We observe the following:
\[\mathbf{w}_{t+1}^T\mathbf{x}_i = (\mathbf{w}_t + y_i\mathbf{x}_i)^T\mathbf{x}_i = \mathbf{w}_t^T\mathbf{x}_i + y_i \|\mathbf{x}_i\|_2^2\]If $y_i = 1$, since \(\mathbf{x}_i\) is misclassified, \(\mathbf{w}_t^T\mathbf{x}_i < 0\). Additionally, since \(y_i = 1\), we have
\(y_i \|\mathbf{x}_i\|_2^2 = \|\mathbf{x}_i\|_2^2 \geq 1\) (note that \(x_0 = 1\)), which implies that \(\mathbf{w}_{t+1}^T\mathbf{x}_i > \mathbf{w}_t^T\mathbf{x}_i\). This means that \(\mathbf{w}_{t+1}\) moves toward correctly classifying \(\mathbf{x}_i\).

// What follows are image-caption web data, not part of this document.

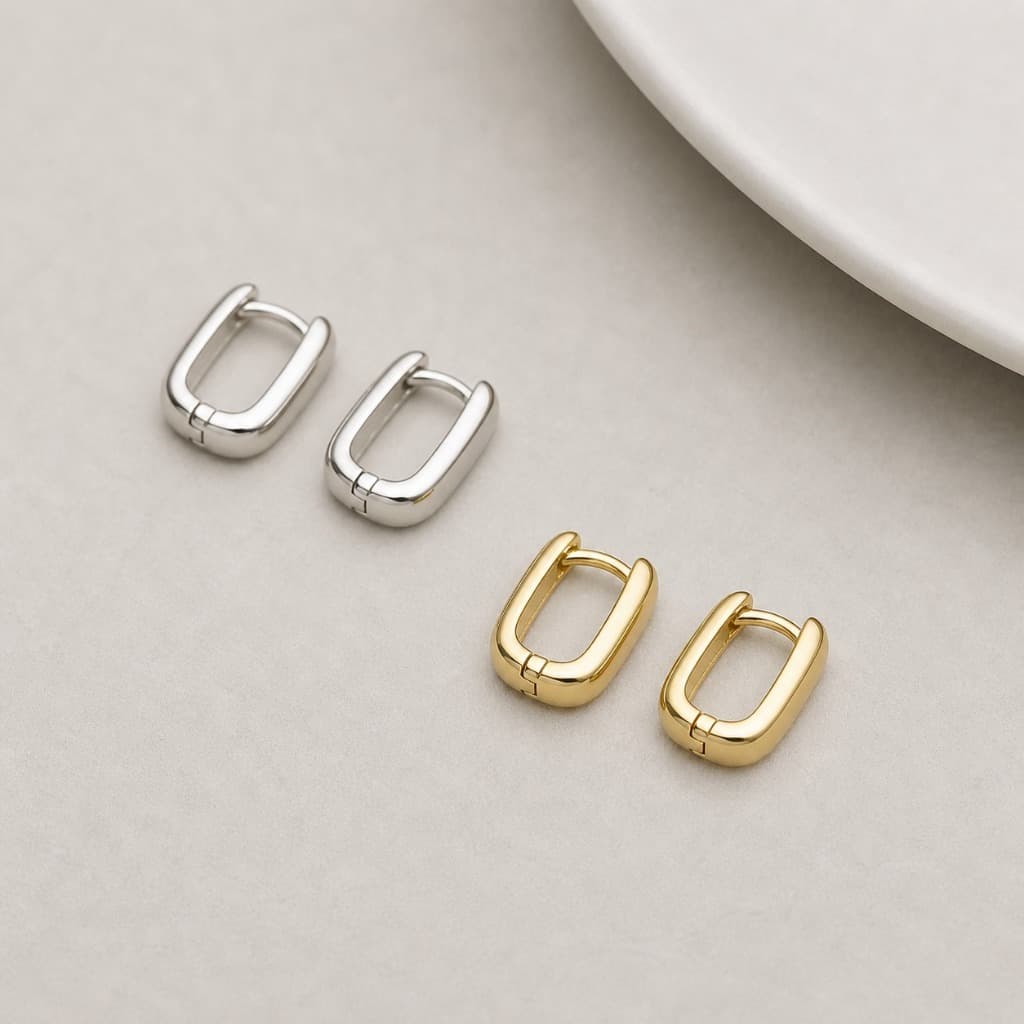 Brinco Argola Retangular Pequeno 0,6cm Banhado Ouro 18K e Prata 925 | Delicado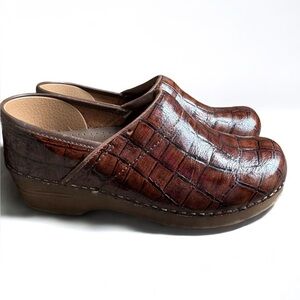 Women's Sanita Professional Stapled Danish Clogs Shoes Brown Alligator 39EU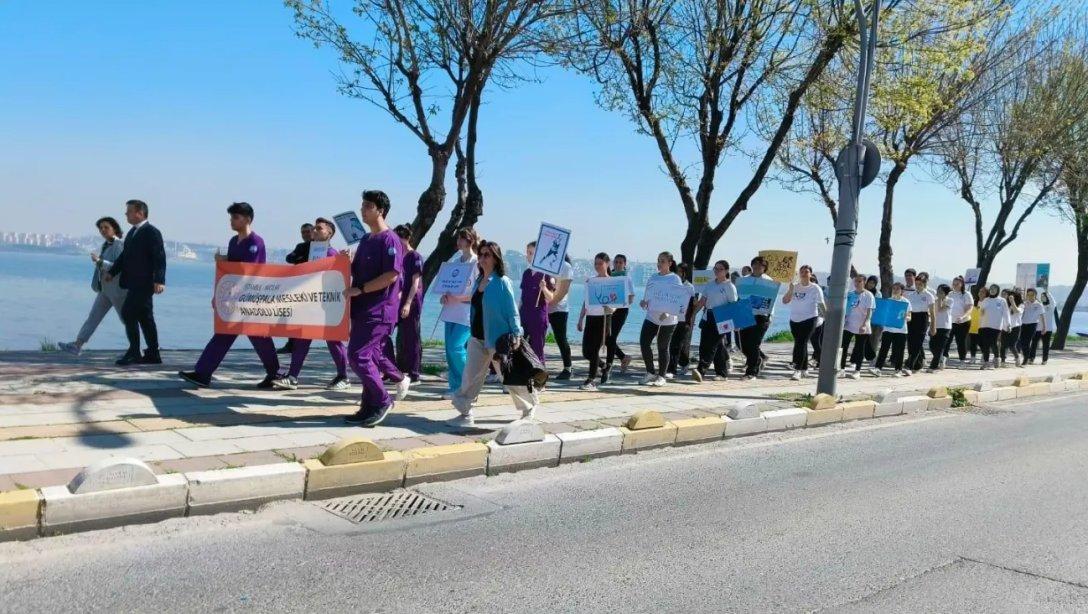 7 Nisan Dünya Sağlık Günü kapsamında İlçemiz Gümüşpala Mesleki ve Teknik Anadolu lisesi Öğretmen ve öğrencileri tarafından sağlıklı yaşam yürüyüşü gerçekleştirildi.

A similar argument applies when \(y_i = -1\).
Thus, our intuition for this algorithm is as follows: pick a boundary, and for each misclassified point, move the boundary towards correctly classifying that point. Although previously correctly classified points may become misclassified during this process, the Perceptron Learning Algorithm (PLA) is guaranteed to converge after a finite number of steps (we will not elaborate further on the proof). In other words, we will eventually find a hyperplane that separates the two classes, provided that they are linearly separable.
Summary
The Perceptron Learning Algorithm can be summarized as follows:
-
Initialize the weight vector $\mathbf{w}$ with values close to zero.
-
Randomly iterate through each data point $\mathbf{x}_i$:
-
If $\mathbf{x}_i$ is correctly classified, i.e., $\text{sgn}(\mathbf{w}^T\mathbf{x}_i) = y_i$, do nothing.
-
If $\mathbf{x}_i$ is misclassified, update $\mathbf{w}$ using the rule: $\mathbf{w} = \mathbf{w} + \eta y_i\mathbf{x}_i$
-
-
Check how many points remain misclassified. If none, stop the algorithm. Otherwise, repeat from step 2.